HARIAN DISWAY - Pemerintah Iran membantah klaim Amerika Serikat (AS) yang menyebutkan bahwa pesawat tak berawak yang diluncurkan dari Iran telah menghantam sebuah kapal tanker kimia di Samudera Hindia.
Juru bicara Kementerian Luar Negeri Iran, Nasser Kanaani, menegaskan bahwa tuduhan tersebut tidak memiliki dasar yang kuat.
"Dengan tegas kami menolak tuduhan berulang-ulang ini karena tidak berdasar. AS seharusnya menghadapi tuduhan atas peran mereka dalam konflik Israel di Gaza," ujar Kanaani dalam sebuah pengarahan yang dilansir oleh Reuters pada hari ini.

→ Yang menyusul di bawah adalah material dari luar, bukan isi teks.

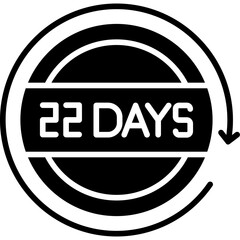 22 Days Return Icon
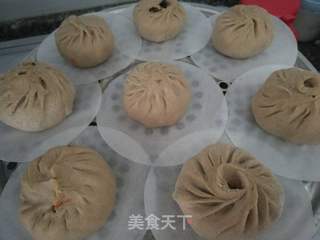 全麦三鲜素包子(老面版)的做法步骤:11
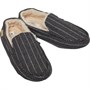 Ben Sherman Mens Aman Moccasin Slippers Grey/Ecru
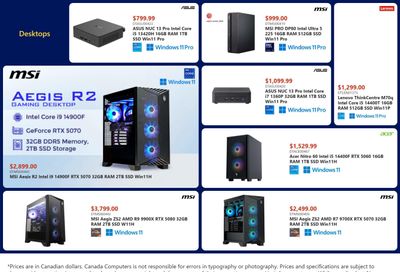 Canada Computers Flyer May 8 to 14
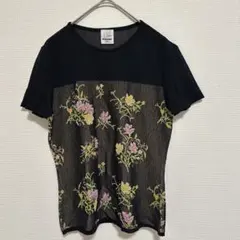 FIGARO Paris 花柄刺繍 半袖カットソーのサムネイル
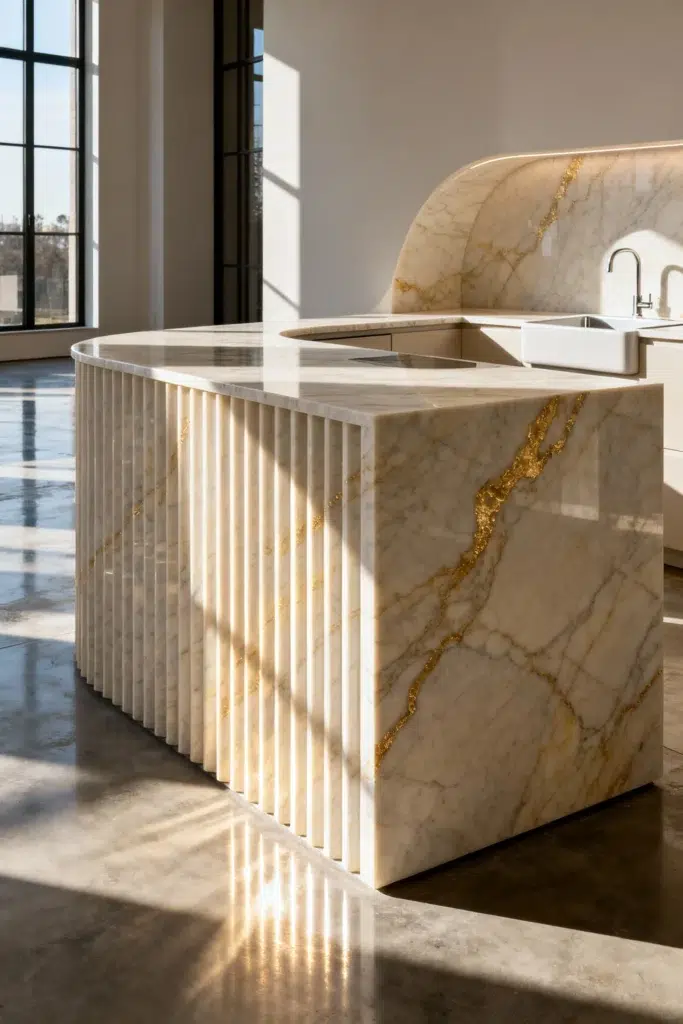 Luxus, který začíná u povrchu: Inspirace pro kuchyně z ušlechtilých materiálů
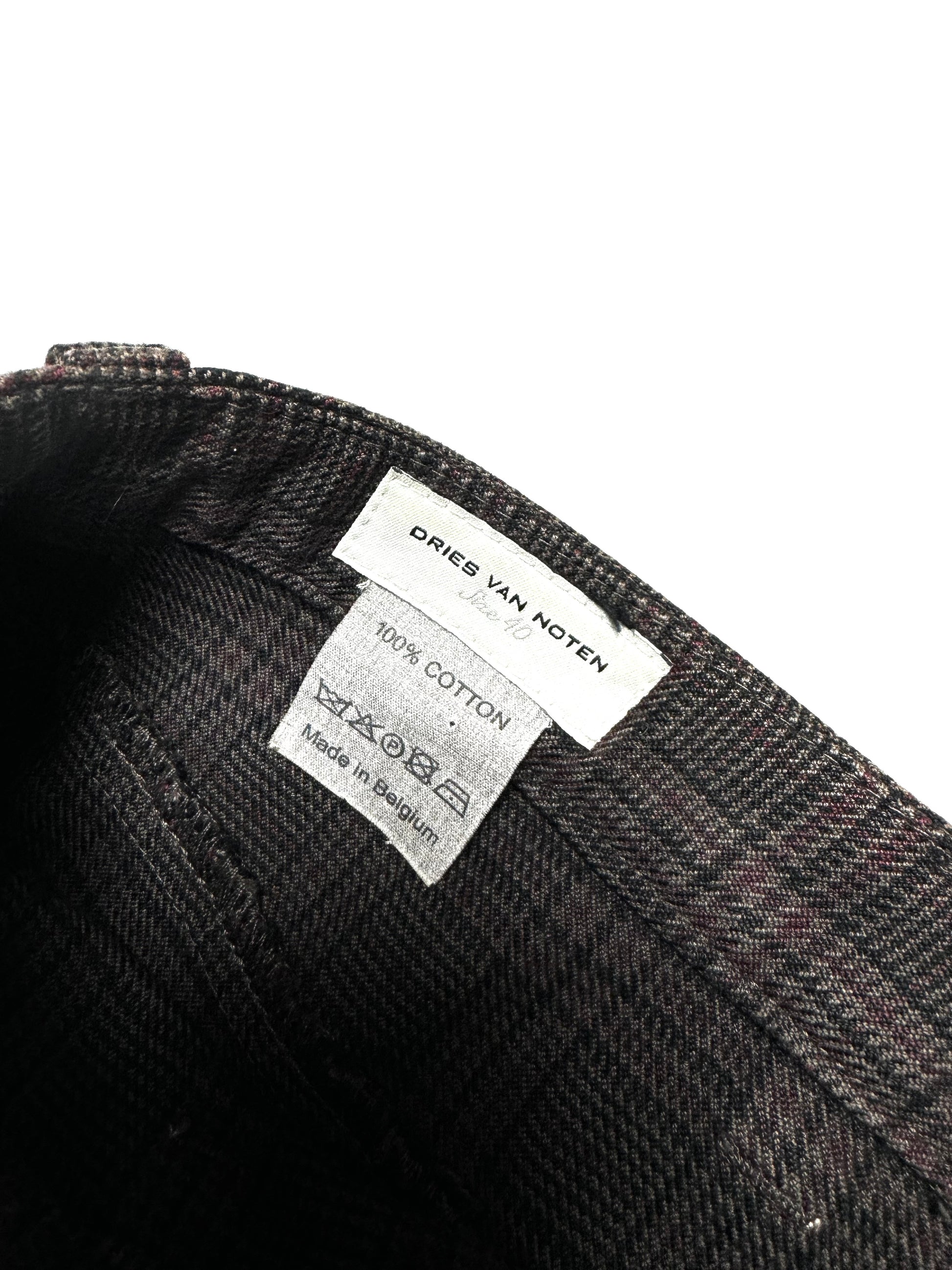 Dries Van Noten Series 40 Plaid Check Pant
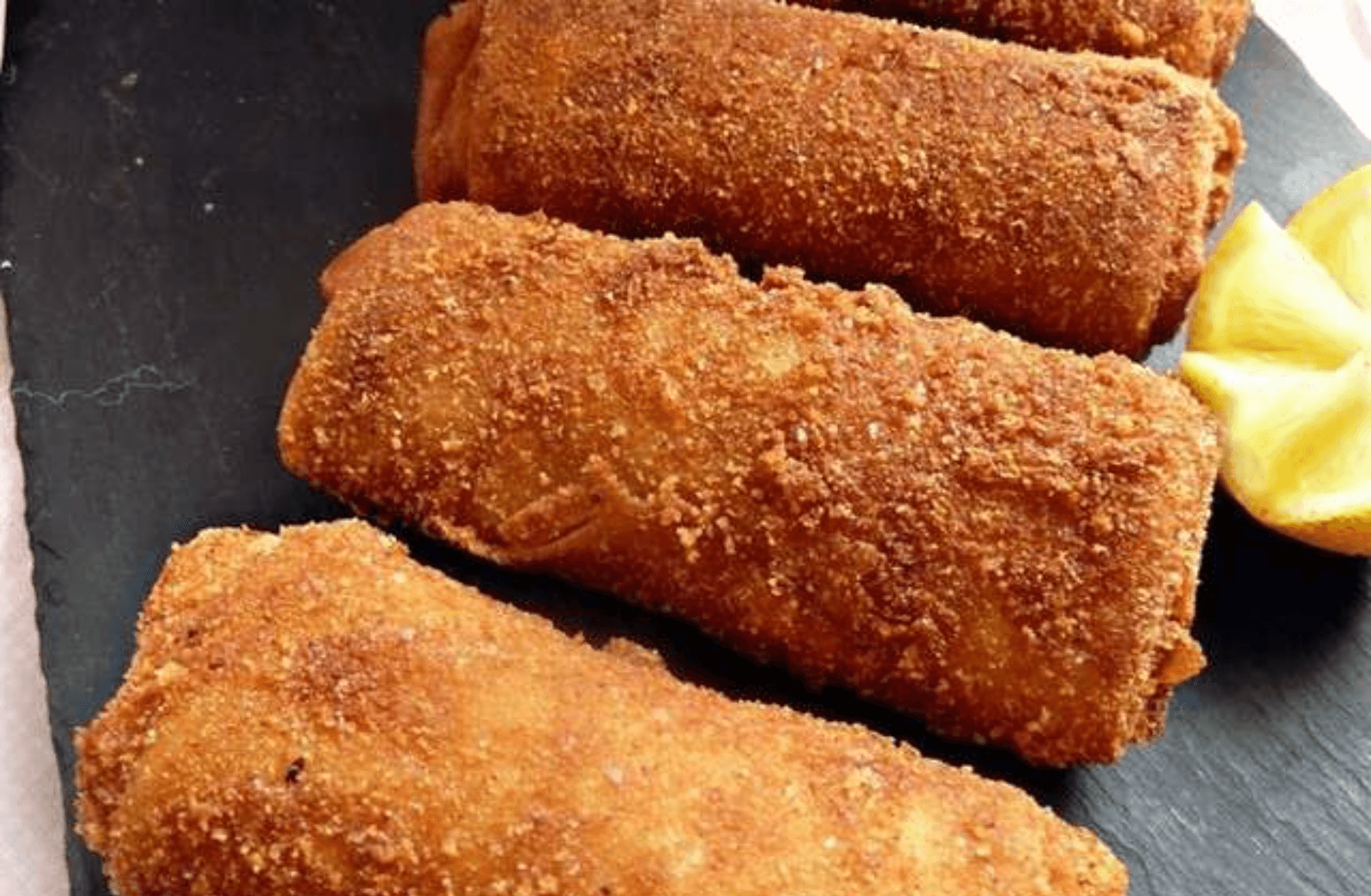 3 crêpes panées jambon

Klaim AS muncul setelah Pentagon mengumumkan bahwa sebuah kapal tanker kimia di Samudera Hindia telah dihantam oleh pesawat tak berawak Iran pada Sabtu, 23 Desember 2023.
Itu menandai serangan yang ketujuh kalinya terhadap kapal komersial sejak tahun 2021.
Seorang pejabat Departemen Pertahanan AS menjelaskan bahwa serangan tersebut terjadi pada pukul 10 pagi waktu setempat (6 pagi waktu Greenwich) di perairan Samudera Hindia, sekitar 200 mil laut dari pantai India.
BACA JUGA:125 Tentara Israel Tewas, Netanyahu Respons Begini..
BACA JUGA:Biden Telponan Lama Dengan Netanyahu, Tidak Ada Bahasan Gencatan Senjata
Kapal yang menjadi sasaran adalah "CHEM PLUTO," sebuah kapal tanker kimia berbendera Liberia yang dimiliki oleh Jepang dan dioperasikan oleh Belanda.
Serangan dilakukan menggunakan drone satu arah yang ditembakkan dari Iran, dan meskipun berhasil mencapai targetnya, tidak ada laporan korban jiwa.
Api yang muncul di kapal tanker tersebut juga berhasil dipadamkan, dan pejabat pertahanan AS menyatakan bahwa tidak ada kapal Angkatan Laut AS yang berada di sekitar lokasi serangan.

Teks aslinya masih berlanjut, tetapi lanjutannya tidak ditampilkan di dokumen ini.